Do sądu w Katowicach trafił akt oskarżenia w sprawie 27 osób, które w kopalni "Budryk" w Ornontowicach na Śląsku dopuściły się nieprawidłowości. Chodzi o przetargi odbywające się w latach 2005-2007, kiedy zakład był jeszcze samodzielną spółką Skarbu Państwa.

Straty wyceniono na prawie półtora mln zł. Wśród oskarżonych są zarówno pracownicy kopalni, jak i firm zewnętrznych, wykonujących prace dla zakładu. Pięciu pracowników spółki z Żor, która podpisała umowy z kopalnią "Budryk" odpowie za poświadczenia nieprawdy i oszustwo. W protokołach i fakturach potwierdzali m.in wykonanie fikcyjnych robót.
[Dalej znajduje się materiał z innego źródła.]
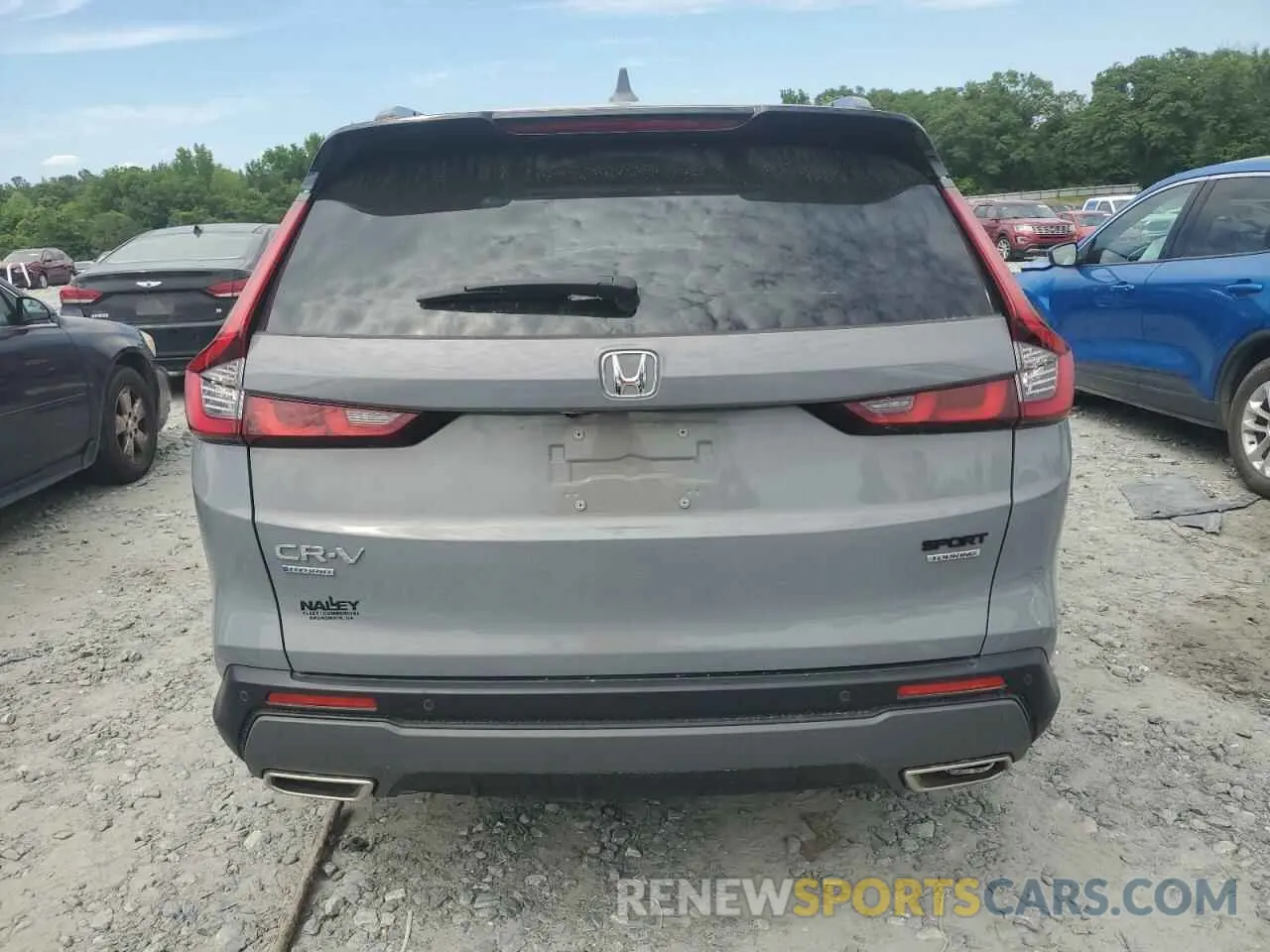 6 Photograph of a damaged car 2HKRS6H96PH816392 HONDA CRV 2023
Pracownicy kopalni - w tym osoby na kierowniczych stanowiskach, którzy potwierdzali nieprawdziwe dane w dokumentacji, również odpowiedzą za poświadczenie nieprawdy, a także za pomocnictwo w oszustwie. Dwóm pracownikom kopalni postawiono zarzut niegospodarności i wyrządzenia szkody w mieniu kopalni.

Wszyscy oskarżeni będą odpowiadać przed sądem z wolnej stopy. Wobec części z nich zastosowano dozór policyjny lub poręczenia majątkowe.